Potential adverse effects include:
- Nausea
- Insomnia
- Sexual dysfunction
- Serotonin syndrome (a potentially life-threatening condition caused by excessive serotonin activity).
Serotonin-Norepinephrine Reuptake Inhibitors (SNRIs) block the reuptake of both serotonin and norepinephrine, making them effective for depression and chronic pain conditions. Examples include venlafaxine and duloxetine.
Potential adverse effects are similar to SSRIs, with additional risks of increased blood pressure and sweating.
Monoamine Oxidase Inhibitors (MAOIs) are older antidepressants that inhibit the enzyme monoamine oxidase, which breaks down serotonin, norepinephrine, and dopamine. MAOIs are typically reserved for treatment-resistant depression due to their side effect profile. Examples include phenelzine and tranylcypromine.
The main potential adverse effects is hypertensive crisis when taken with tyramine-rich foods (e.g., cheese, wine).
Lithium is the gold standard for treating bipolar disorder, particularly manic episodes. Lithium stabilizes mood by modulating neurotransmitter release and second messenger systems. Regular blood monitoring is required to avoid toxicity.

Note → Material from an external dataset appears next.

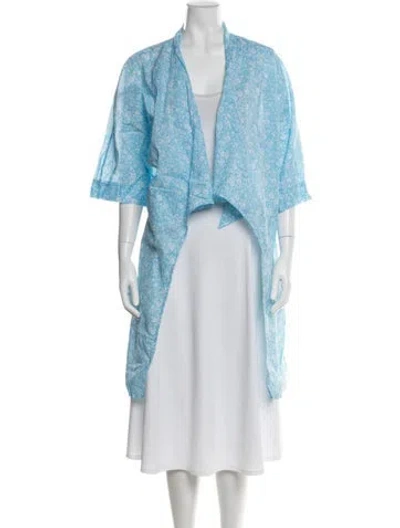 Pre-owned Ganni Floral Print Jacket In Blue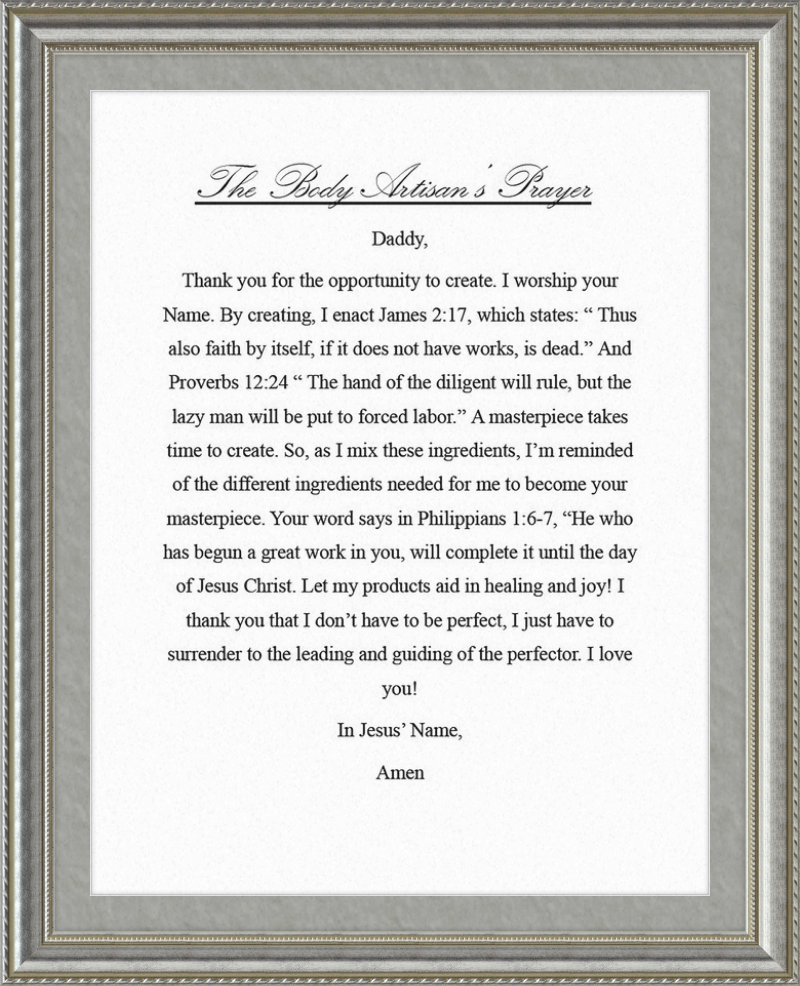 Body Artisan's Prayer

Potential adverse effects include
- Tremors
- Hypothyroidism
- Nephrotoxicity
ANXIOLYTICS AND SEDATIVES
Benzodiazepines are widely used for anxiety, insomnia, and muscle relaxation. Benzodiazepines enhance the activity of GABA, the brain’s primary inhibitory neurotransmitter, by binding to the GABA-A receptor. This increases chloride ion influx, hyperpolarizing neurons and reducing CNS excitability.

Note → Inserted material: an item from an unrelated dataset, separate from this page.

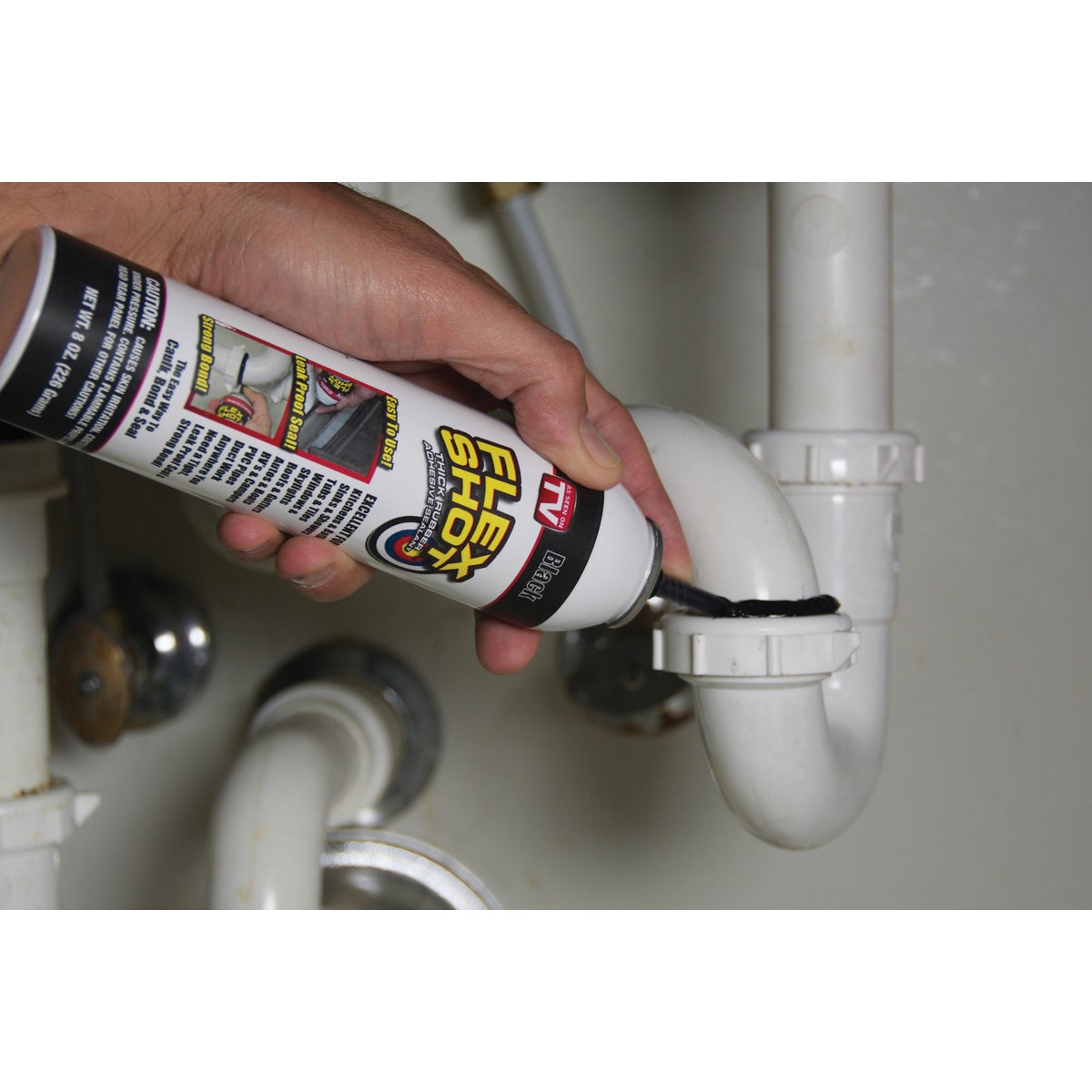 FLEX SHOT 8 Oz. Adhesive Rubber Sealant, Black Image 2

Examples include diazepam (Valium), lorazepam, and alprazolam (Xanax).
Potential adverse effects include:
- Sedation
- Dependence
- Respiratory depression at high doses
Barbiturates are older sedatives that have largely been replaced by benzodiazepines due to their narrow therapeutic index and higher risk of overdose. Similar to benzodiazepines, barbiturates enhance GABA activity but also directly open chloride channels, making them more potent. Examples include phenobarbital and thiopental.
Potential adverse effects include:
- Severe respiratory depression
- High addiction potential
- Risk of overdose
PARKINSON’S DISEASE
Parkinson’s disease is caused by a deficiency of dopamine in the brain, leading to motor symptoms such as tremors, rigidity, and bradykinesia (slowness of movement). Levodopa is a dopamine precursor that crosses the blood-brain barrier and is converted to dopamine in the brain. Levodopa increases dopamine levels in the CNS, alleviating motor symptoms. Carbidopa is co-administered to inhibit peripheral conversion of levodopa to dopamine, ensuring more levodopa reaches the brain.
Potential adverse effects include:
- Nausea
- Dyskinesia (involuntary movements)
- Orthostatic hypotension.
Other Parkinson’s Drugs include:
- Dopamine Agonists: Pramipexole, ropinirole.
- MAO-B Inhibitors: Selegiline, which prevents dopamine breakdown.
- Anticholinergics: Benztropine, used to reduce tremors.